This week, we’re staying with the idea of career choice but are going about as far as away as you can get from Holland’s career congruence and person-environment fit — so hold on.
In the 1988 film “Bull Durham,” aging minor league baseball catcher and slugger Crash Davis (Kevin Costner) complains to Annie Savoy (Susan Sarandon) about the inherent unfairness that she, rather than he or Ebby Calvin LaLoosh (Tim Robbins), gets to decide which of the two will receive her personal favors and coaching mentorship for the season. He asks her, “Why do you get to choose?… Why don’t I get to choose? Why doesn’t he get to choose?”
She replies, “Well, actually, nobody on this planet ever really chooses… I mean, it’s all a question of quantum physics, molecular attraction, and timing. Why, there are laws we don’t understand that bring us together and tear us apart.”
Organizational writer Gareth Morgan, in his Images of Organizations (Sage, 1997) explores the use of nine metaphors to examine ways of considering organizations. One of those metaphors, “flux and transformation” (see chapter nine) presents us with four “logics of change,” embracing all of the ideas to which Annie alluded — and much more.

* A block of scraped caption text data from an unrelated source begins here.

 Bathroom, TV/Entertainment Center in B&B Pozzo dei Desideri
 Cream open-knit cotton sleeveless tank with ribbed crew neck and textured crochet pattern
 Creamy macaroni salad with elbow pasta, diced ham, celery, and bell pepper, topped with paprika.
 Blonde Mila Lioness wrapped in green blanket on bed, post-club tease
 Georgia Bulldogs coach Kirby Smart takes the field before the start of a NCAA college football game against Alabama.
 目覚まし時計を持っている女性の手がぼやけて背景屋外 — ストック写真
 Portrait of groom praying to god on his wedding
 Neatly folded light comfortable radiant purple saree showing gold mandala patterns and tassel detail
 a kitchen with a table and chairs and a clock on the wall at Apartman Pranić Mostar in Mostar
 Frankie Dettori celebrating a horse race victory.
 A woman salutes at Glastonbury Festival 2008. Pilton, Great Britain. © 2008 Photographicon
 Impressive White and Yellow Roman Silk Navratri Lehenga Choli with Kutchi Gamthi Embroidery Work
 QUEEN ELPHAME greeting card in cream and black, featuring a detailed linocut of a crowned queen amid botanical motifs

Morgan’s second logic of change, “shifting `attractors;” the logic of chaos and complexity is particularly interesting. Though this book was written with regard to the relationship between organizations and their environments, it’s fun to layer some of these ideas onto individuals and their careers. As we discussed last week, the applicability of choice when considering careers is open to question. A great career fit based on congruence may or may not exist. If it does exist, it may be difficult to discover — or its competitive nature may exclude all but the most skilled and talented. It may be a career that’s gone in 20 or even 10 years, or it may require the careerist to play a role that doesn’t seem quite as attractive a few years down the road.
So, then where else might we look in making career choices?
Drawing from the theories that inform Morgan’s second logic of change, here are some ideas for you ponder.
Chaos theory posits competing attractors – i.e. circumstances or “contexts” that pull a non-linear system toward one situation or the other – for example, away from an existing context and into a new one. In order for the pull to resolve in favor of a new context, a system gets pushed far from its equilibrium into an “edge of chaos” situation, where “bifurcation points” (forks in the road) emerge. These bifurcation points represent different potentials. Inevitably, some sort of new order will emerge, though it cannot be predicted or imposed. Morgan advises that the implication for managers is to “shape and create `contexts’ in which appropriate forms of self-organization can occur.” New contexts, he continues, can be created by generating “new understandings of a situation or by engaging in new actions.” Further, in non-linear systems, it only takes very, very small changes at critical times to trigger “major transforming effects.” Anyone, he continues, who wishes to change the context in which he operates should search for “doable, high-leverage initiatives that can trigger a transition from one attractor to another.”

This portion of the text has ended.